1st order O.D.E.: y'-2y/x=-6y^2

[Joki]

Hi there guys,

Just wondering the best way to do about solving the equation;
y'-2y/x=-6y^2 is?
I would normally go integrating factor but the right hand side is in terms of y and not x.
Alternatively my algebra is not the greatest and i'm having a hard time separating the equation out.
Any help would be much appreciated

 

[stapel]

Just wondering the best way to do about solving the equation;
y'-2y/x=-6y^2 is?

As posted, the equation is this:

. . . . .\(\displaystyle y'\, -\, \dfrac{2y}{x}\, =\, -6y^2\)

Is this what you meant, or was the left-hand side supposed to have grouping symbols like this? (y' - 2y)/x

. . . . .\(\displaystyle \dfrac{y'\, -\, 2y}{x}\, =\, -6y^2\)

Thank you!

 

[Joki]

Apologies stapel,

The equation is identical to the first one with the terms separated and not all being divided by x.

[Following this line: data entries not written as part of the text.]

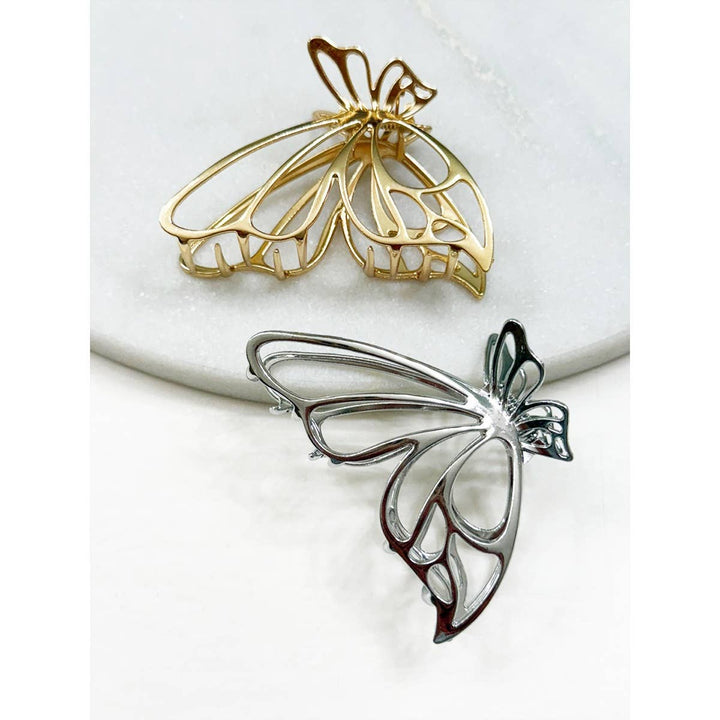 Medium Metal Butterfly Hair Claw: MIX COLOR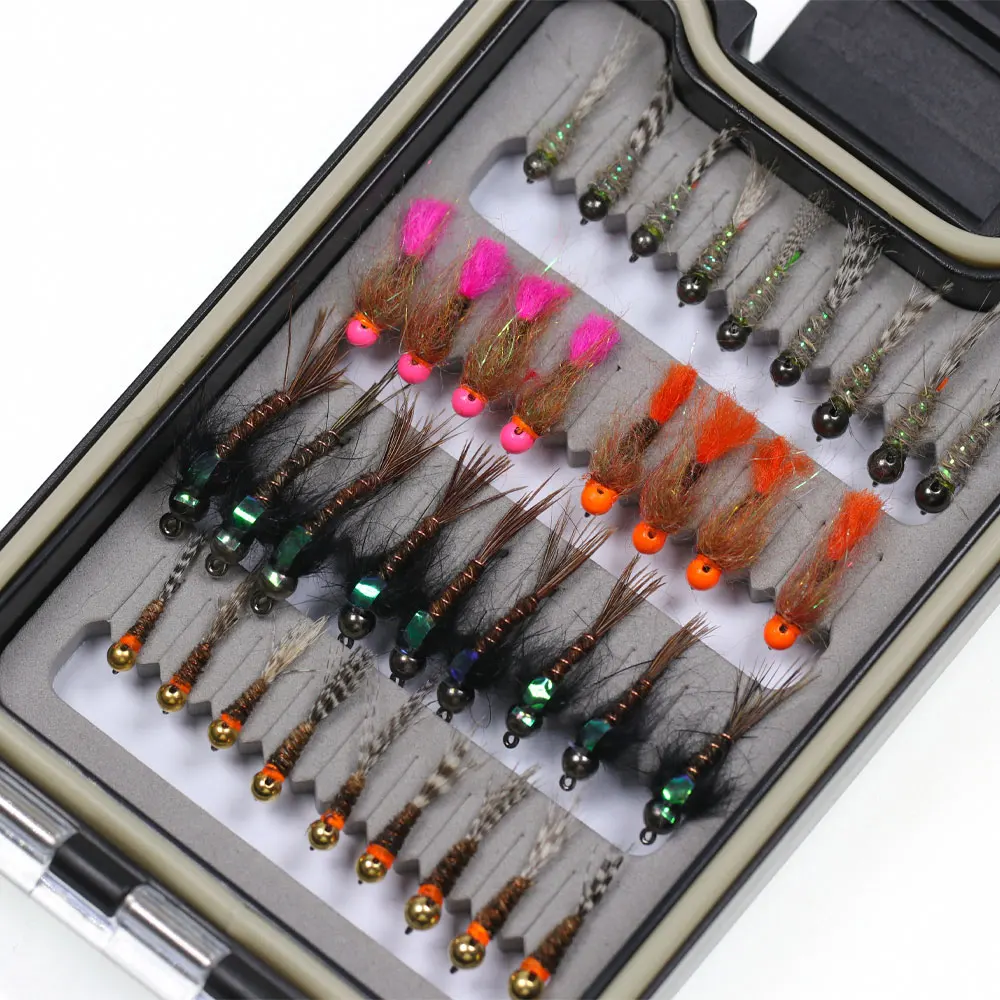 Bimoo 35 unids/caja #8-16 cuenta de tungsteno cabeza Euro ninfas Kit sin rebaba plantilla gancho rápida hundimiento trucha señuelo de pesca moscas - imagen 3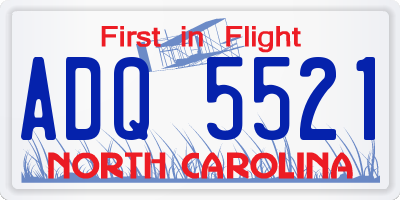 NC license plate ADQ5521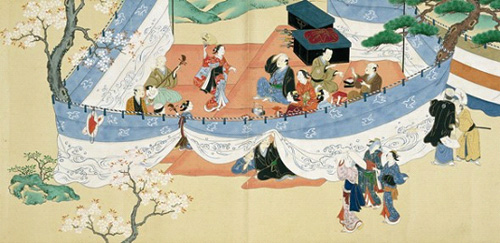 四季風俗図巻のうち花見 西川祐信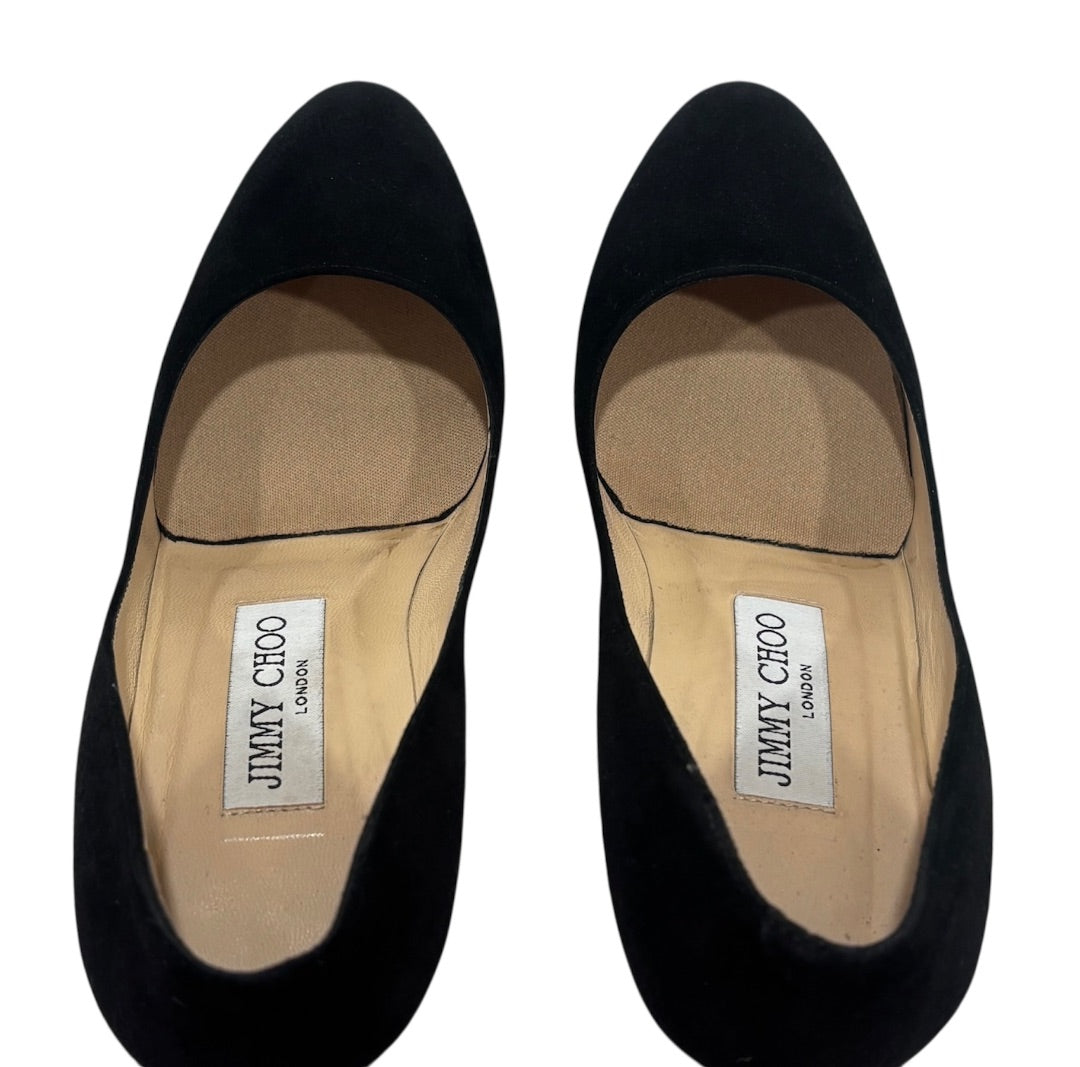 Jimmy Choo Black Suede Platform Pumps, 36.5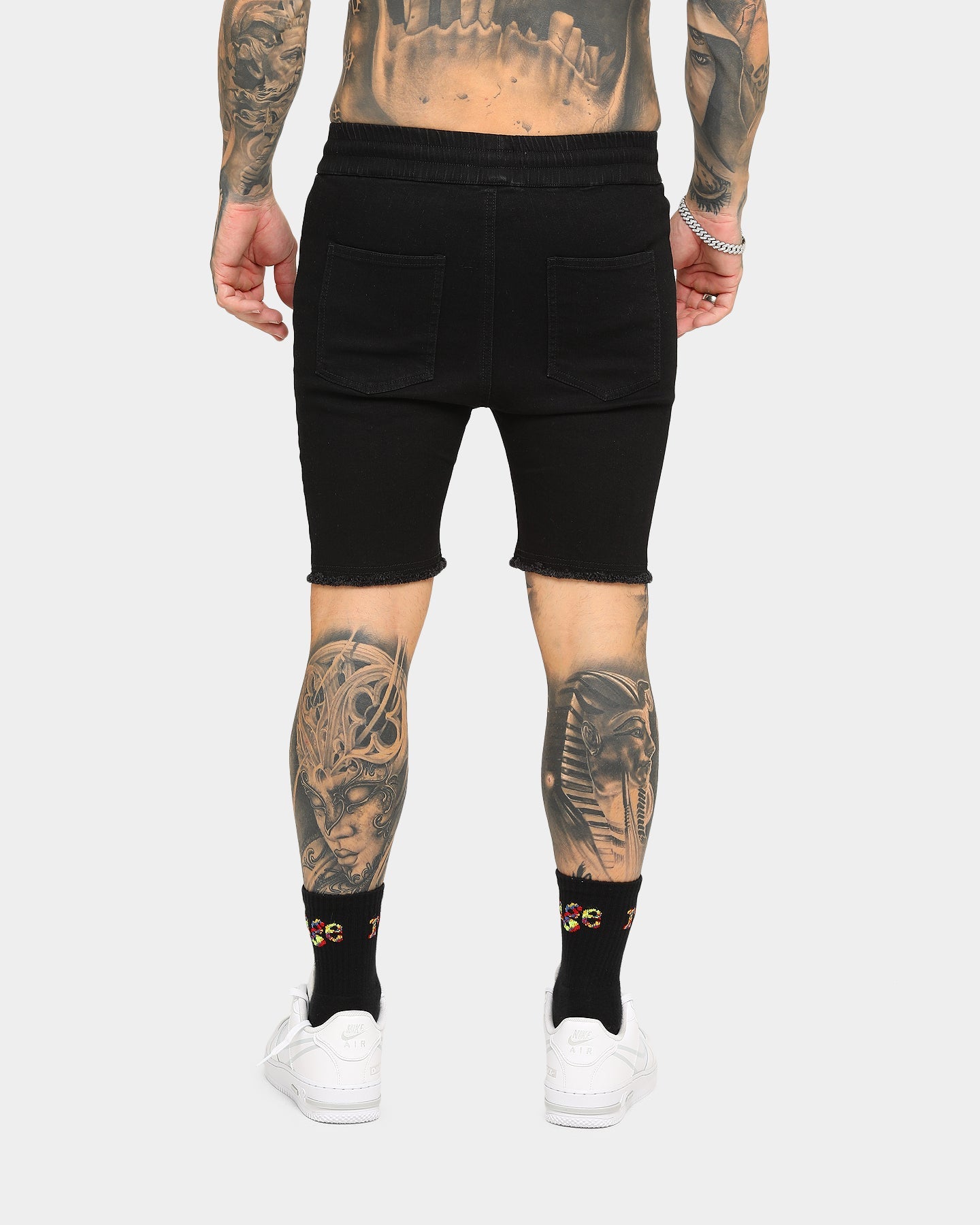 ENES Gunner Skinny Ripped Shorts Black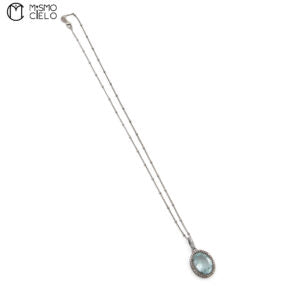 Silver 1.76Ct Aquamarine and Diamond Pendant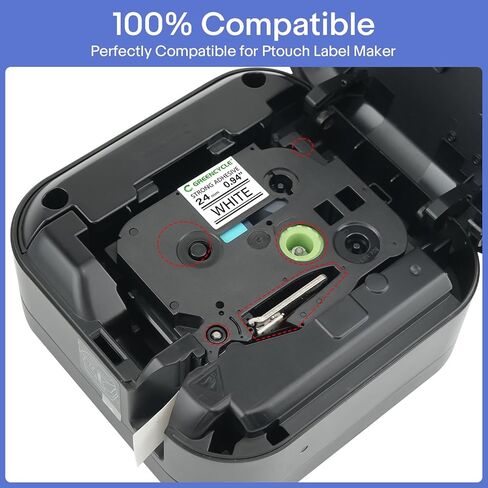 GREENCYCLE 5 عبوات TZe-S251 شريط لاصق قوي للغاية 24 مم متوافق مع TZe-S251 TZ-S251 AZe-S251 0.94 بوصة أسود على ملصق أبيض لـ PT-2730 D600VP D800W H500LI P700 P710BT P750W in Kuwait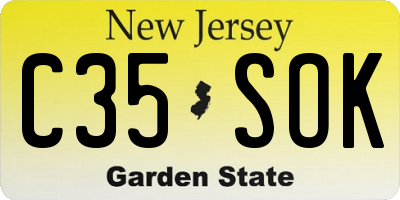 NJ license plate C35SOK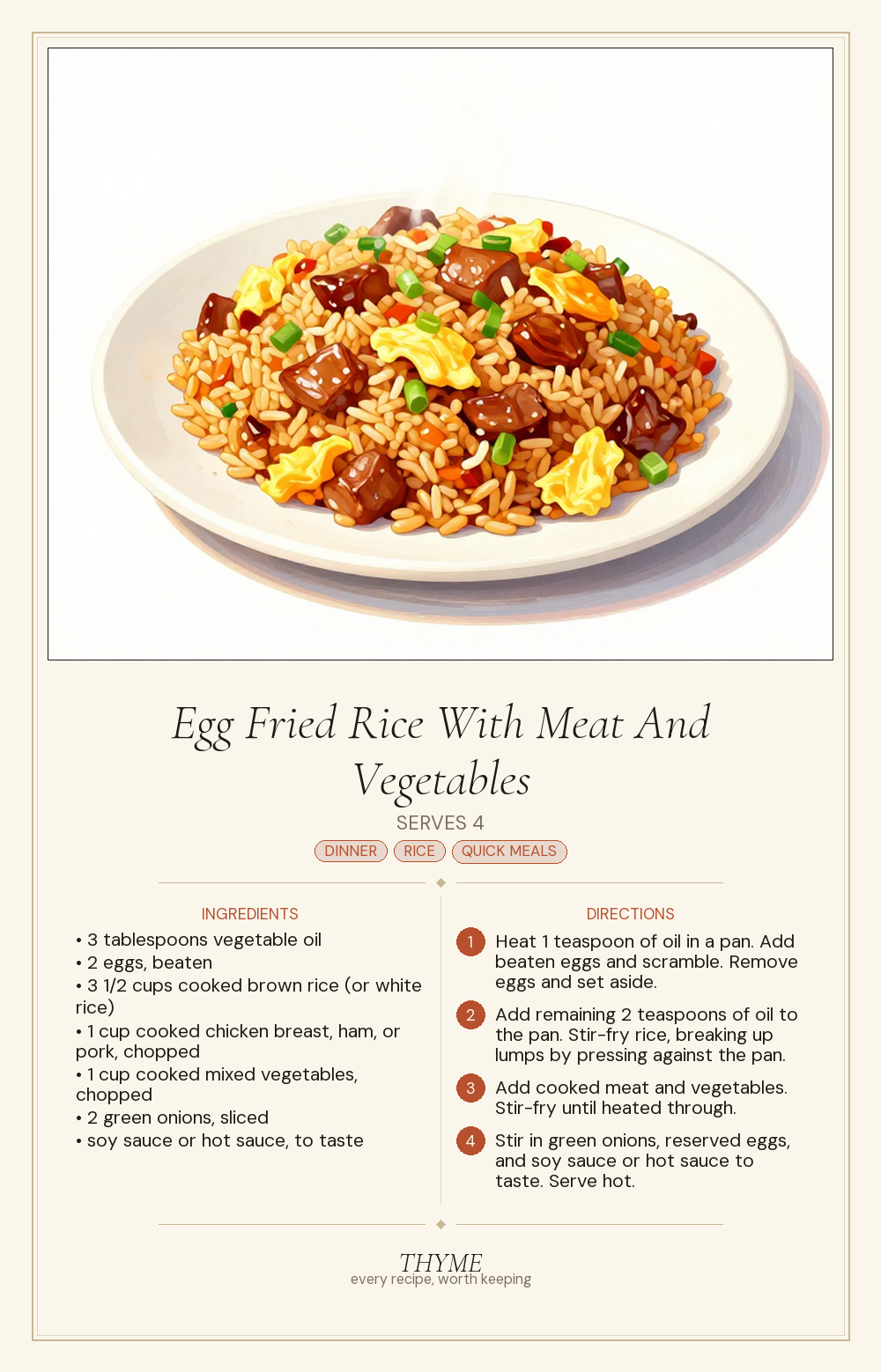 Egg Fried Rice With Meat And Vegetables
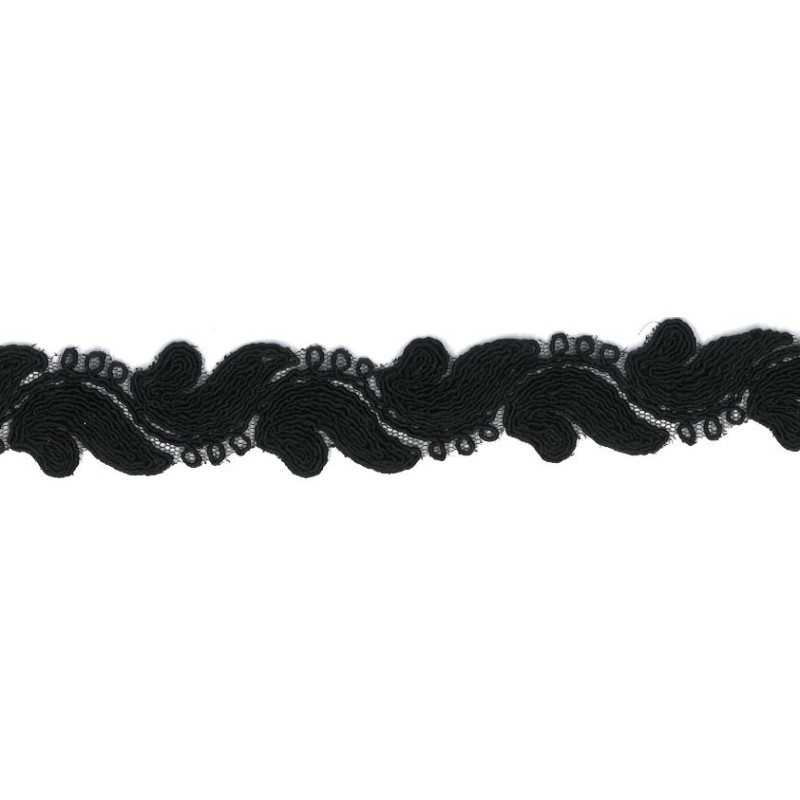 9687-092 GALON FANTASIA ABIK 30 MM. POLIAMIDA 90%-POL.5%-ALG.5% NEGRO Venta en piezas de 9.00 M
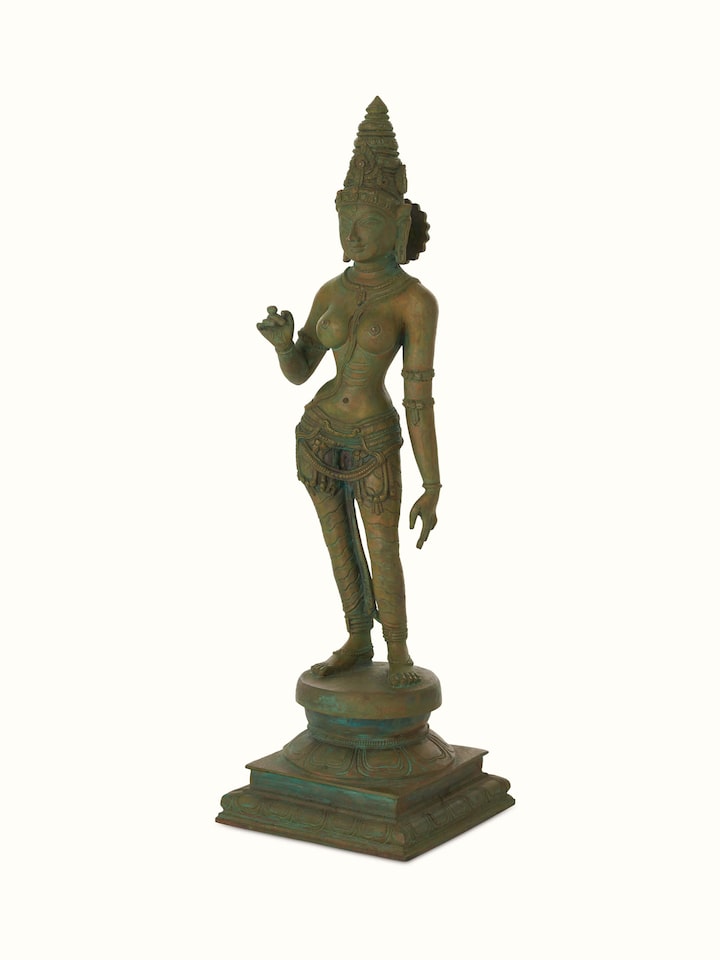 Close-up view of Gracious bronze casting goddess Parvathi idol focusing on intricate bronze details and craftsmanship.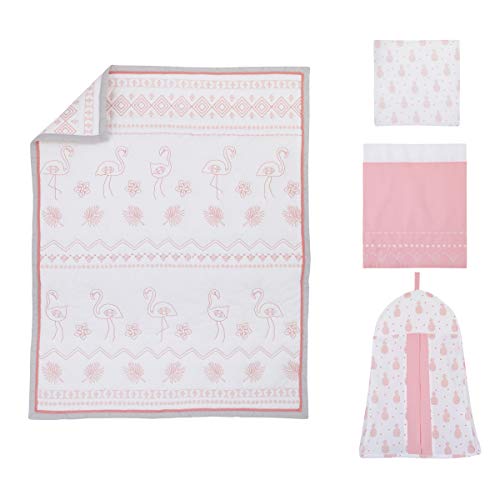 Nojo Tropical Flamingo Pink & White 100% Cotton 4Piece Nursery Crib Bedding Set, Embroidered Quilt, Fitted Sheet, Dust Ruffle, & Diaper Stacker, Pink, White, Grey #TOP5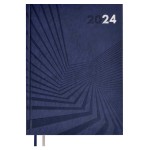Ежедневник 2024г., 175x245мм, темно-синий, 176л, кожзам, кремовый блок (Escalada)
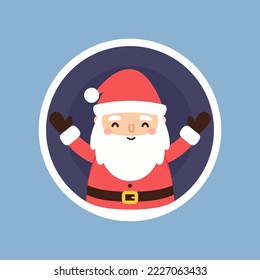 Cartoon Christmas illustrations isolated on pastel. Funny happy Santa Claus character with gift, bag with presents, waving and greeting. For Christmas cards, banners.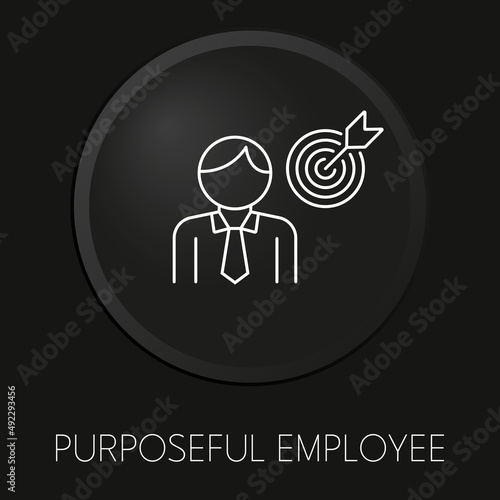  Purposeful person  minimal vector line icon on 3D button isolated on black background. Premium Vector.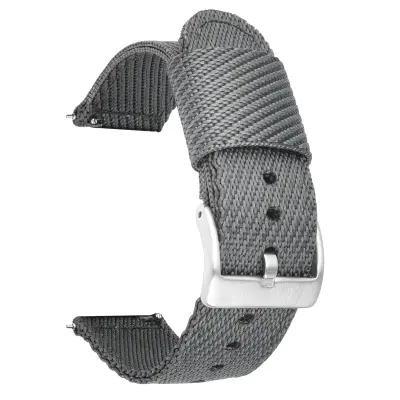 Eleganten nadomestni najlonski pašček za uro 24/22/20/18 mm Silver 24 mm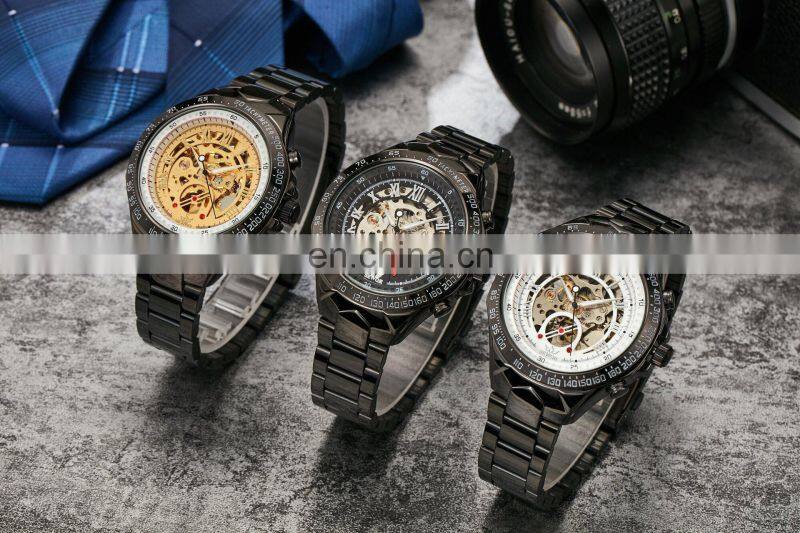 SEWOR luxury brand male mechanical automatic clock watch transparent skeleton waterproof men watches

Btw thanks for the quick reply :grin:

 

[Deleted member 4993]

Hi there guys,

Just wondering the best way to do about solving the equation;
y'-2y/x=-6y^2 is?
I would normally go integrating factor but the right hand side is in terms of y and not x.
Alternatively my algebra is not the greatest and i'm having a hard time separating the equation out.
Any help would be much appreciated

y' + 6y² = 2y/x

y'/y + 6y = 2/x

w' + 6e^w = 2/x where ln(y) = w

Now continue....

 

[Joki]

y' + 6y² = 2y/x

y'/y + 6y = 2/x

w' + 6e^w = 2/x where ln(y) = w

Now continue....

Just to clarify is there more than one way of solving this as I can choose from variable separation, 1st order homogeneous [dy/dx=f(y/x)], exact eqns and linear eqns (Bernoulli and integration factor etc.). I have ruled out exact eqns and dont think its linear eqns so that just leaves first order homogeneous and variable sep.

Cheers

Hang on I think that the Bernoulli may do it

 

[Joki]

So just to check I think I have the answer I just hope to god it's correct!

y=x/(6x²+C)

 

[Deleted member 4993]

So just to check I think I have the answer I just hope to god it's correct!

y=x/(6x²+C)

For checking correctness - apply your solution to the given differential equation.